State v. Bray, 8th Dist. Cuyahoga No. 92619, 2009-Ohio-6461, 2009 WL 4695386, ¶ 21.
{¶ 43} In the case sub judice, we do not believe that the jury created a manifest miscarriage
of justice and clearly lost its way when it determined that appellant had a weapon. Although the
state did not present direct evidence that appellant had the weapon in his actual possession when
the officers discovered the weapon, the state relied upon circumstantial evidence to show that
appellant constructively possessed the weapon by having dominion and control over it. Detective
Purdin testified that he observed appellant in the same bedroom that contained the weapon
immediately before the officers gained entry to the residence. Inside the room with the weapon,
officers discovered several items that contained appellant’s name: (1) two prescription pill bottles;
(2) documents; and (3) a state identification card. Additionally, officers noted that the room
contained men’s clothing. These discoveries led officers to believe that appellant had been
storing his belongings in the bedroom with the weapon. Furthermore, officers testified that
Abbott told them that the bedroom belonged to appellant. Also, appellant’s sister informed the
officers that appellant had “several” weapons. Although we recognize that Abbott testified for
the defense at trial and conflicts in the evidence exist, the jury had the opportunity to hear all of 21 ADAMS, 20CA1109
the testimony and determine the credibility of each witness. It is important to recognize that a
jury may opt to believe all, part or none of the testimony of any witness. Here, the jury obviously
opted to find the testimony of the state’s witnesses credible.

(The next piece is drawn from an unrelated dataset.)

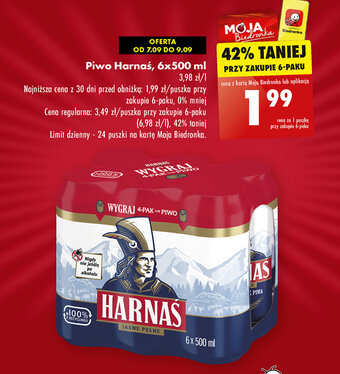 Biedronka Piwo Harnaś 500 ml oferta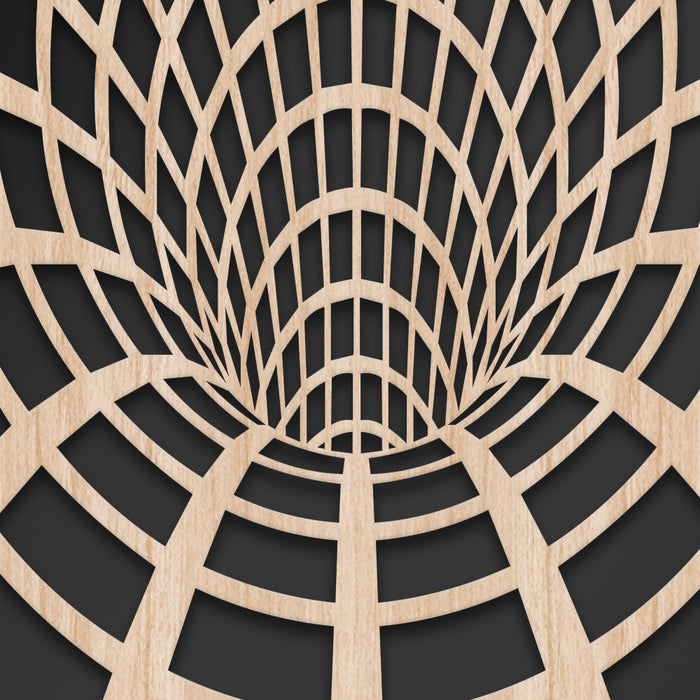 BLACK HOLE - Quadro arredo LASERCUT composito Legno e PVC Misura: 50x100 cm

{¶ 44} Consequently, after we consider all of the circumstances, we cannot conclude that
the jury clearly lost its way. See generally State v. Lam, 2nd Dist. No. 26428, 2015-Ohio-4293,
46 N.E.3d 138, 2015 WL 6110238, (concluding that evidence established possession element
when state presented evidence that bedroom belonged to the defendant).
{¶ 45} Accordingly, based upon the foregoing reasons, we overrule appellant’s second
assignment of error and affirm the trial court’s judgment.
JUDGMENT AFFIRMED. 22 ADAMS, 20CA1109
JUDGMENT ENTRY
It is ordered that the judgment be affirmed and that appellee recover of appellant the costs herein taxed. The Court finds there were reasonable grounds for this appeal. It is ordered that a special mandate issue out of this Court directing the Adams County Common Pleas Court to carry this judgment into execution. If a stay of execution of sentence and release upon bail has been previously granted, it is continued for a period of sixty days upon the bail previously posted. The purpose of said stay is to allow appellant to file with the Ohio Supreme Court an application for a stay during the pendency of the proceedings in that court. The stay as herein continued will terminate at the expiration of the sixty day period. The stay will also terminate if appellant fails to file a notice of appeal with the Ohio Supreme Court in the forty-five day period pursuant to Rule II, Sec. 2 of the Rules of Practice of the Ohio Supreme Court. Additionally, if the Ohio Supreme Court dismisses the appeal prior to the expiration of said sixty days, the stay will terminate as of the date of such dismissal. A certified copy of this entry shall constitute that mandate pursuant to Rule 27 of the Rules of Appellate Procedure.
Smith, P.J. & Hess, J.: Concur in Judgment & Opinion
For the Court
BY: Peter B. Abele, Judge 23 ADAMS, 20CA1109
NOTICE TO COUNSEL
Pursuant to Local Rule No. 14, this document constitutes a final judgment entry and the time period for further appeal commences from the date of filing with the clerk.